Legal Eagle: Apsara Iyer Becomes First Indian American President of Harvard Law Review
- The 29-year-old worked at Manhattan District Attorney's Office’s Antiquities Trafficking Unit, where she has been involved in helping investigate art crime and repatriate more than 1,100 stolen works of art to 15 countries.
The Harvard Law Review has elected Apsara Iyer as its 137th president, succeeding Priscila Coronado. She becomes the first Indian American woman to head the prestigious publication in its 136-year history.
It is considered the highest achievement for a Harvard Law School student. Becoming Harvard Law Review’s first Black president marked the beginning of the meteoric rise of 28-year-old Barack Obama.

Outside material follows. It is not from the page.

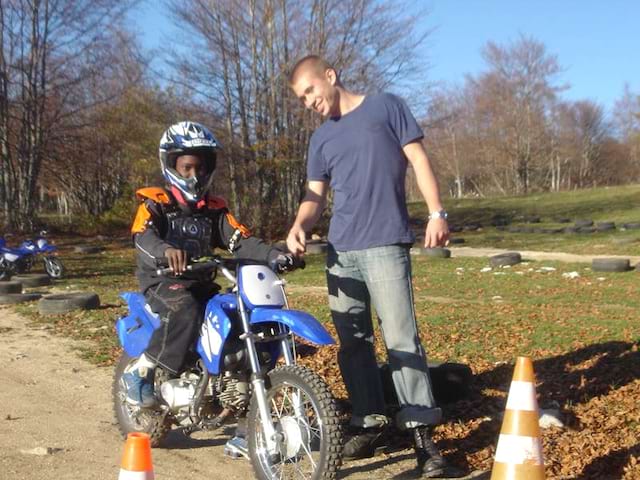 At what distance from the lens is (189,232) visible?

Now, the 29-year-old Iyer makes history as the first Indian American to be elected to that position. She specializes in investigating art and antiquities theft. She has “carried out much of that work to date at the Manhattan District Attorney’s Office’s Antiquities Trafficking Unit (ATU), where she has been involved in helping investigate art crime and repatriate more than 1,100 stolen works of art to 15 countries,” as reported by Reuters.
“I think the law is a really good way of addressing a problem that’s now gaining growing importance,” she told the news agency. “There’s a direct link between destruction of art or the theft of art and other issues that we recognize as being of a policy importance.”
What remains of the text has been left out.